Copy the records below exactly, starting at the line that contains "Also, if you" and ending at the line that contains "So I hope that"; leave out any pictures.

══════════════════════════════

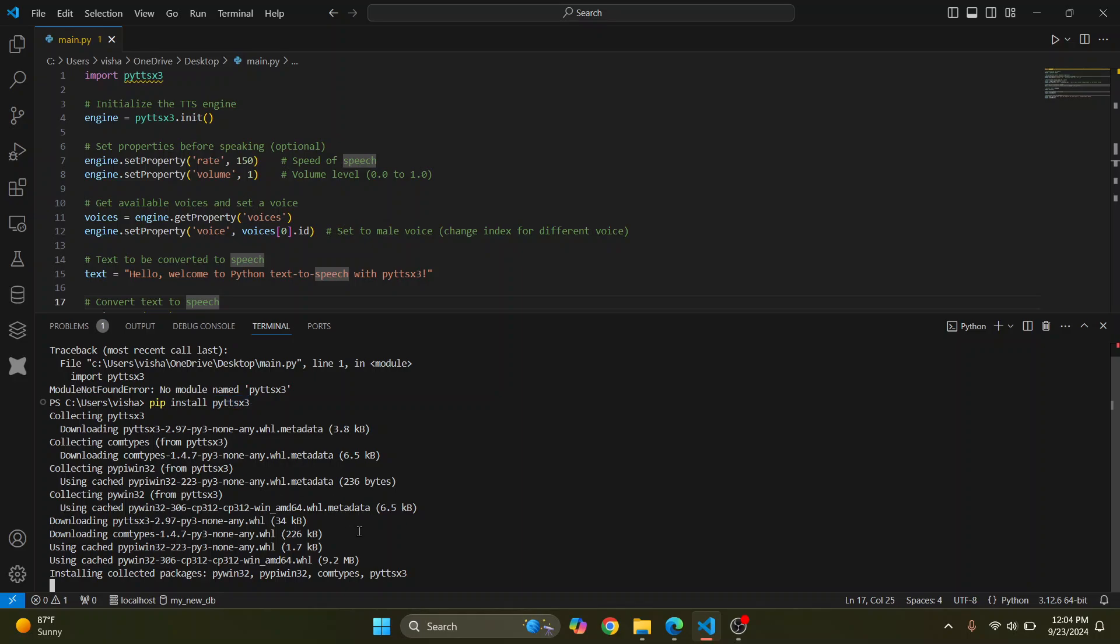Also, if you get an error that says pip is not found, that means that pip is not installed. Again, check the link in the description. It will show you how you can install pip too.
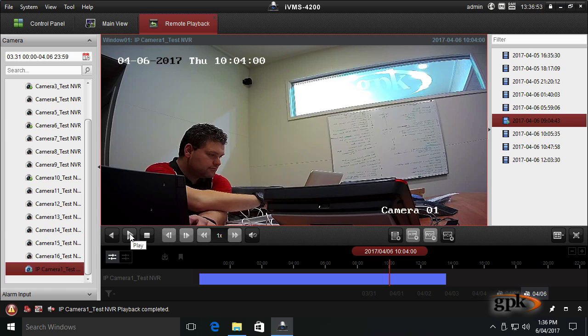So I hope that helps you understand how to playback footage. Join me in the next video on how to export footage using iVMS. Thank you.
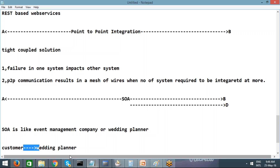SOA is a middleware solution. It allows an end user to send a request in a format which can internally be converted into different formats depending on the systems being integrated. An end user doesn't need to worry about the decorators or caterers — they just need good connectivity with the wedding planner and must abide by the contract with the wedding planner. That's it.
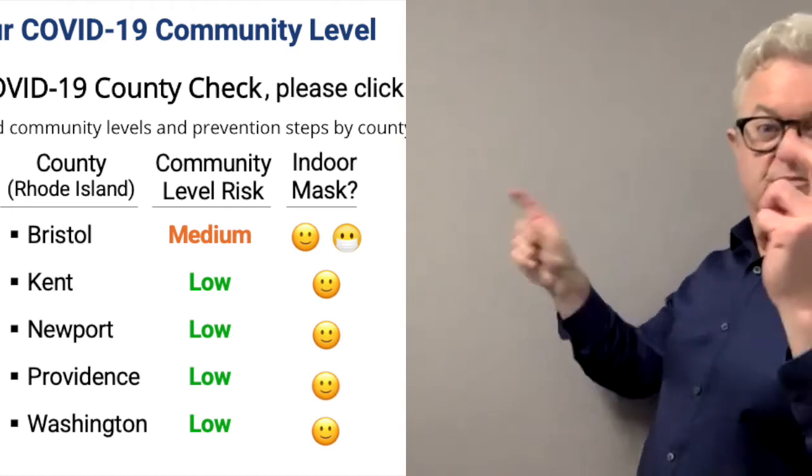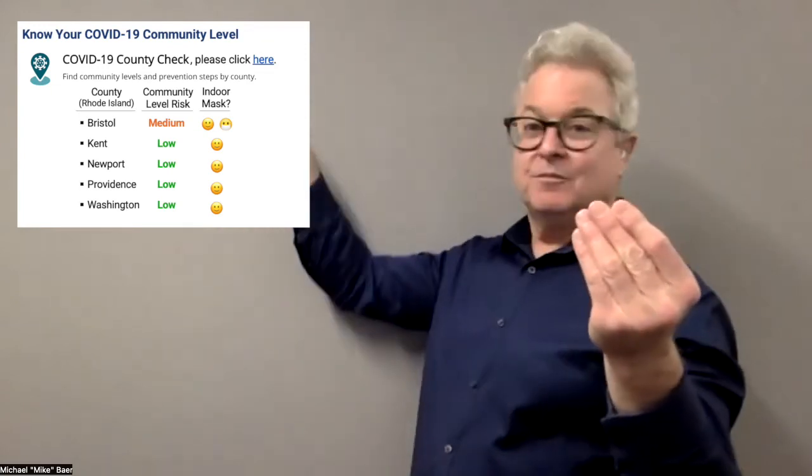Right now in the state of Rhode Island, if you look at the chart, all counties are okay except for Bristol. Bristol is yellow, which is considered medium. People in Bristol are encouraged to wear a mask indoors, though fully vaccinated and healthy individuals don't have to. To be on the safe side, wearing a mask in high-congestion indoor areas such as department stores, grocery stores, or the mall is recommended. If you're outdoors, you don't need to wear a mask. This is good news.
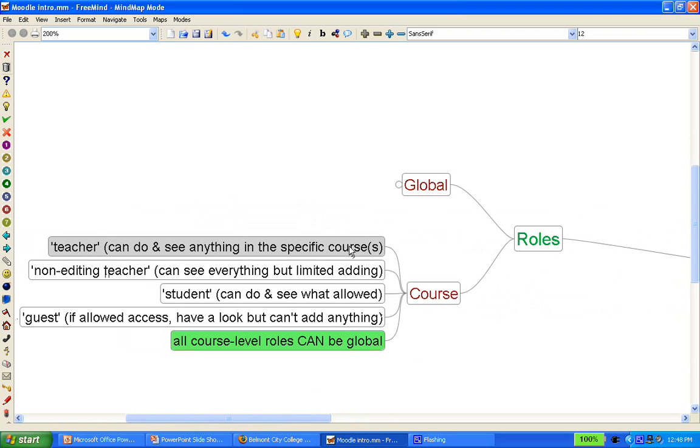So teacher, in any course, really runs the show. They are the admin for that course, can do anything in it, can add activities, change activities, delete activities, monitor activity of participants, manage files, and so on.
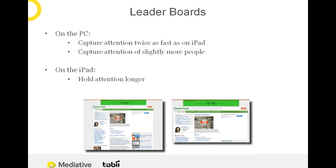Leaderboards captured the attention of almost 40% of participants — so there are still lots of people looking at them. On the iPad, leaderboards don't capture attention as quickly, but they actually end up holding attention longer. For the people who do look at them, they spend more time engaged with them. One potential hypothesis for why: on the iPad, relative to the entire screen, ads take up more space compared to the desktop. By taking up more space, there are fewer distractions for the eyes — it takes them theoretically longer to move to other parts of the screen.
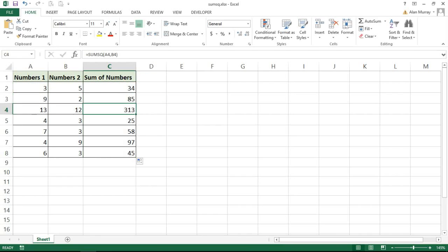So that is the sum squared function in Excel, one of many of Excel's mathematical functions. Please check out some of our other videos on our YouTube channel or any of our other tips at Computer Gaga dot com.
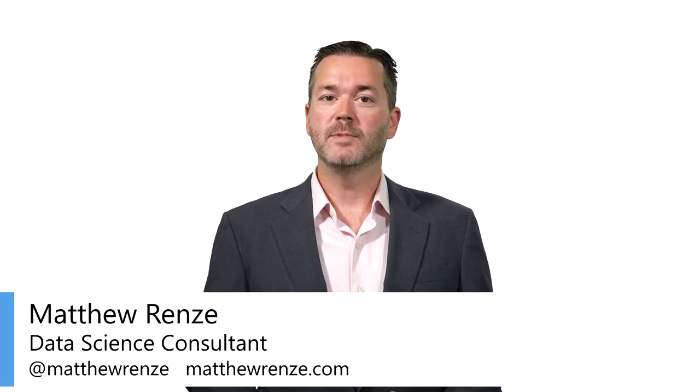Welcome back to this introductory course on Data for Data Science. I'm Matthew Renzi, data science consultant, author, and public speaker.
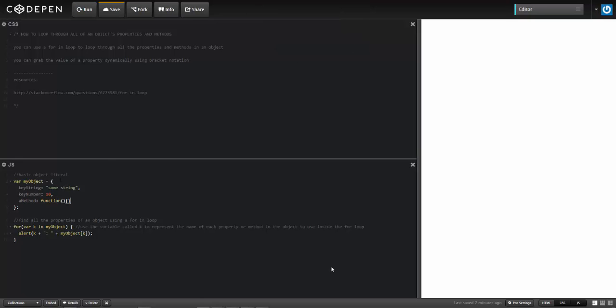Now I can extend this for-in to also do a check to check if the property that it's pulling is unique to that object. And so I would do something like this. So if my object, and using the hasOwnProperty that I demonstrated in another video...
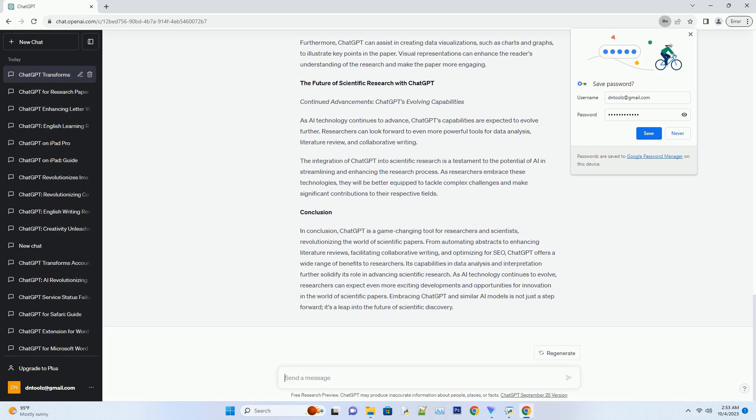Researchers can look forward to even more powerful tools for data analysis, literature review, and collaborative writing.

══════════════════════════════

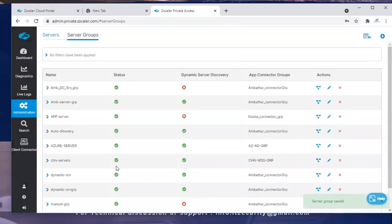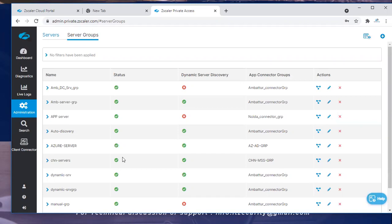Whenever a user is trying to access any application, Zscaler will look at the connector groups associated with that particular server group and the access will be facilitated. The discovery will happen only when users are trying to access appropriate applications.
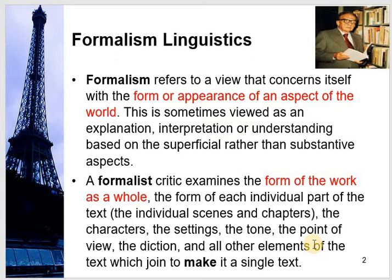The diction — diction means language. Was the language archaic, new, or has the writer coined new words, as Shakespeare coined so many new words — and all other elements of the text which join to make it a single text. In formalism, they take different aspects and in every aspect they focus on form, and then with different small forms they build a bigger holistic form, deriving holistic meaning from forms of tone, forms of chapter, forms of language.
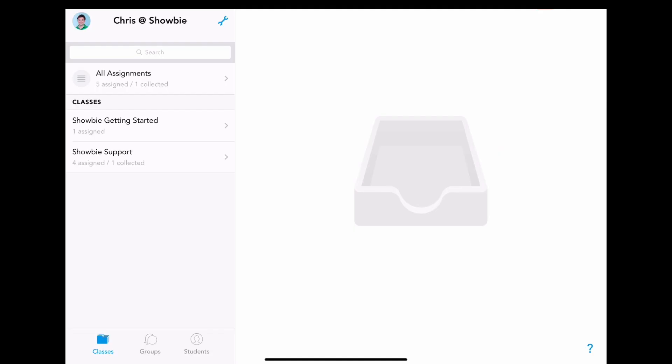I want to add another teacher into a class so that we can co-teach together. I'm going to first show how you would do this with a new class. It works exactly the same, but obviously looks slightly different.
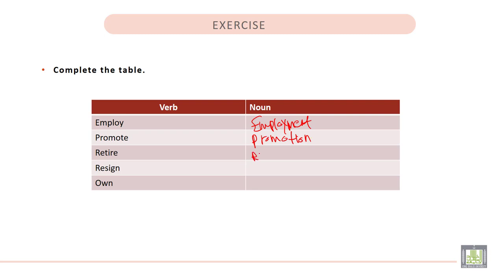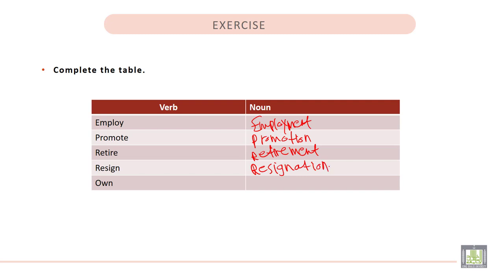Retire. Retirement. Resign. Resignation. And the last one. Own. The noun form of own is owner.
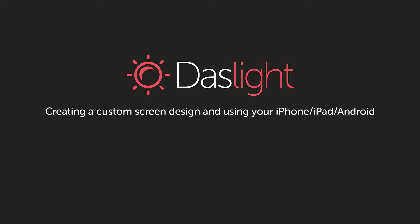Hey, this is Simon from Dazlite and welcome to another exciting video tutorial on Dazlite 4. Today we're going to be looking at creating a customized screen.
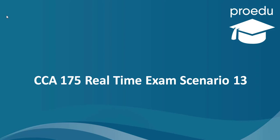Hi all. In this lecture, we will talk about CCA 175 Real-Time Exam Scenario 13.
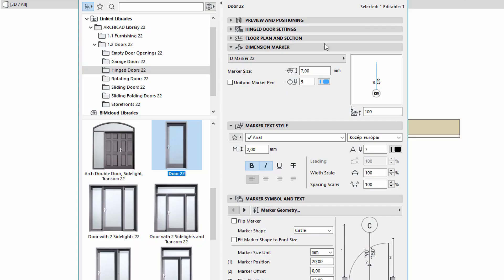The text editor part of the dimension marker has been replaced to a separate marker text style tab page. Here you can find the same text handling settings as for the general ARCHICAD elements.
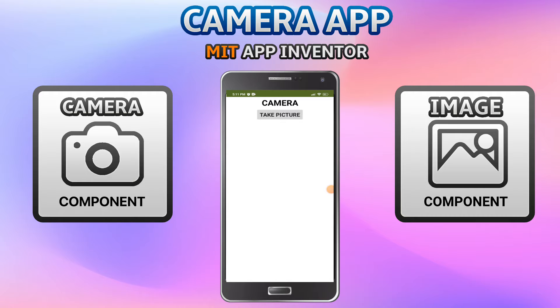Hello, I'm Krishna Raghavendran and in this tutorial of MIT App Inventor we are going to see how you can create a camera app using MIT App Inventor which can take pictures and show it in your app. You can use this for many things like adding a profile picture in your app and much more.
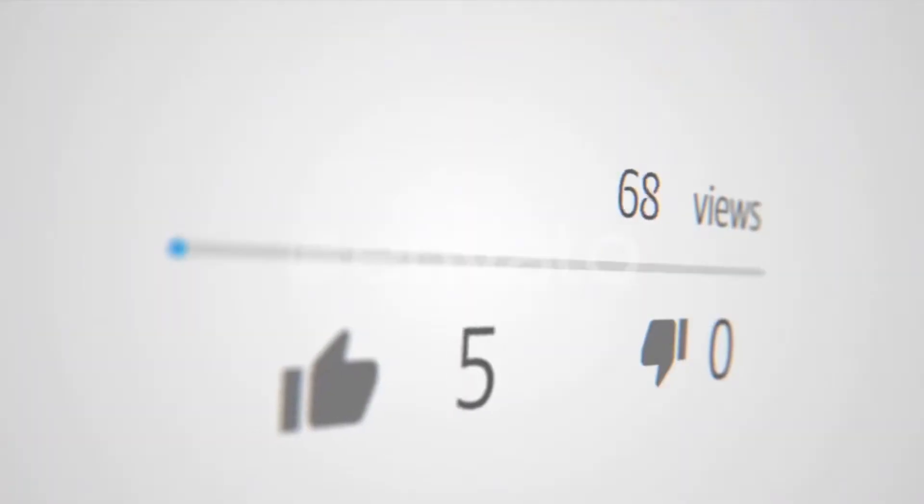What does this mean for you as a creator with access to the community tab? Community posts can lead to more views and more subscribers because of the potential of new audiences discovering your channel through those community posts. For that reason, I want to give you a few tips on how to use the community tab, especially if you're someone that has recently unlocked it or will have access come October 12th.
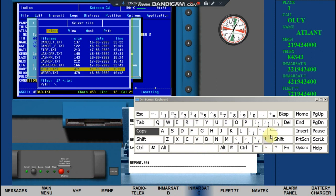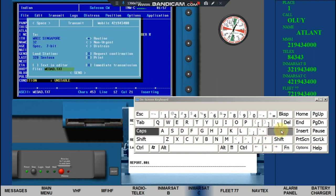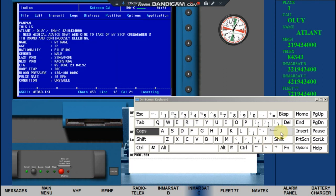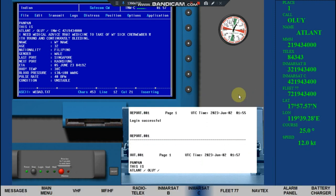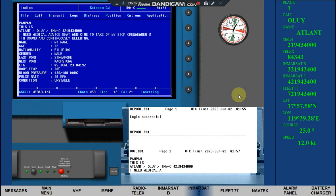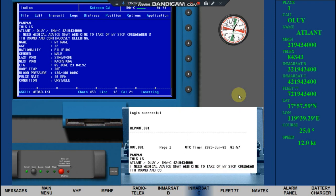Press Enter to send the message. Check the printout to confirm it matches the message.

══════════════════════════════

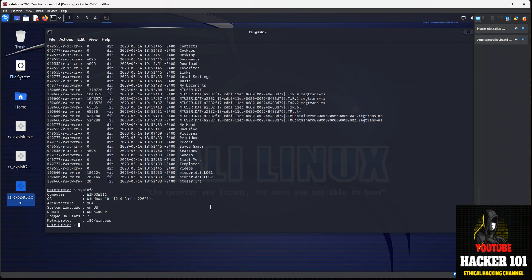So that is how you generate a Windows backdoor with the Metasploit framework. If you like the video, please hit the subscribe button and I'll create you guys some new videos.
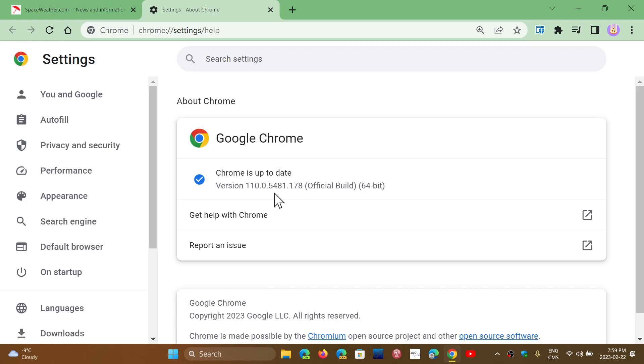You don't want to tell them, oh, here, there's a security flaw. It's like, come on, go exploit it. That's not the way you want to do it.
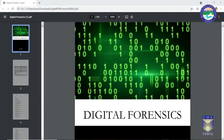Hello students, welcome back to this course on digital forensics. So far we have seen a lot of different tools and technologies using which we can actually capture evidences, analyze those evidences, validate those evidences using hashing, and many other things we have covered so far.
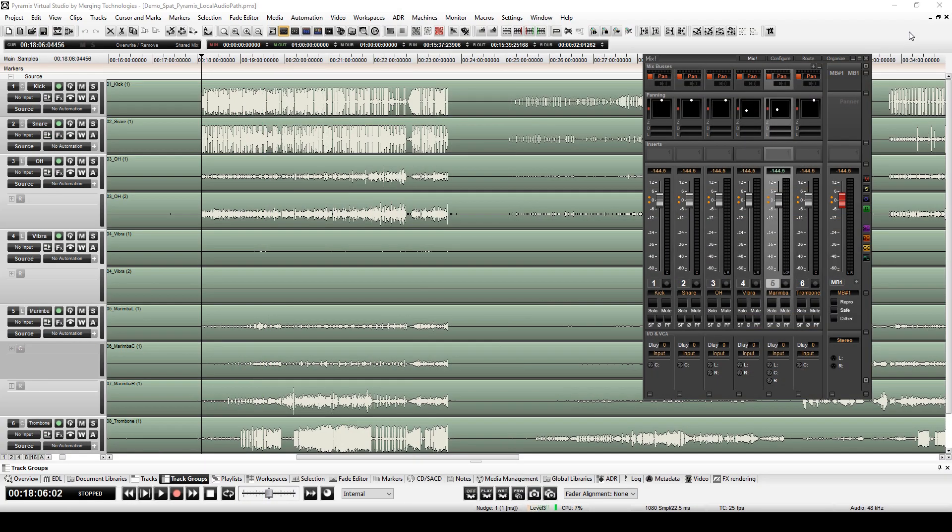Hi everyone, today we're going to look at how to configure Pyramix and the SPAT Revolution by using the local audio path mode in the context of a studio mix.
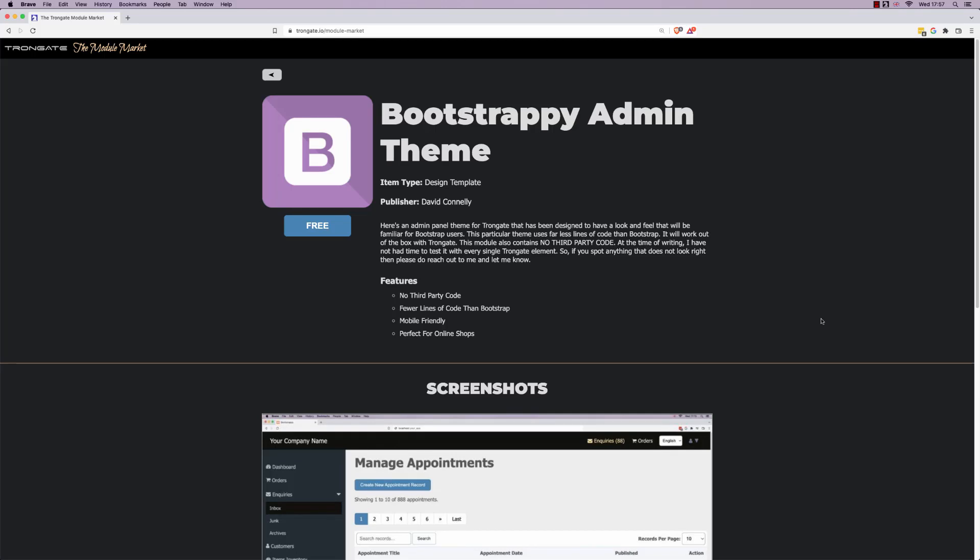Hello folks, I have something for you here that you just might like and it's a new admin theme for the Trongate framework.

══════════════════════════════

### FINAL ANSWER
Also, if you get an error that says pip is not found, that means that pip is not installed. Again, check the link in the description. It will show you how you can install pip too.
So I hope that helps you understand how to playback footage. Join me in the next video on how to export footage using iVMS. Thank you.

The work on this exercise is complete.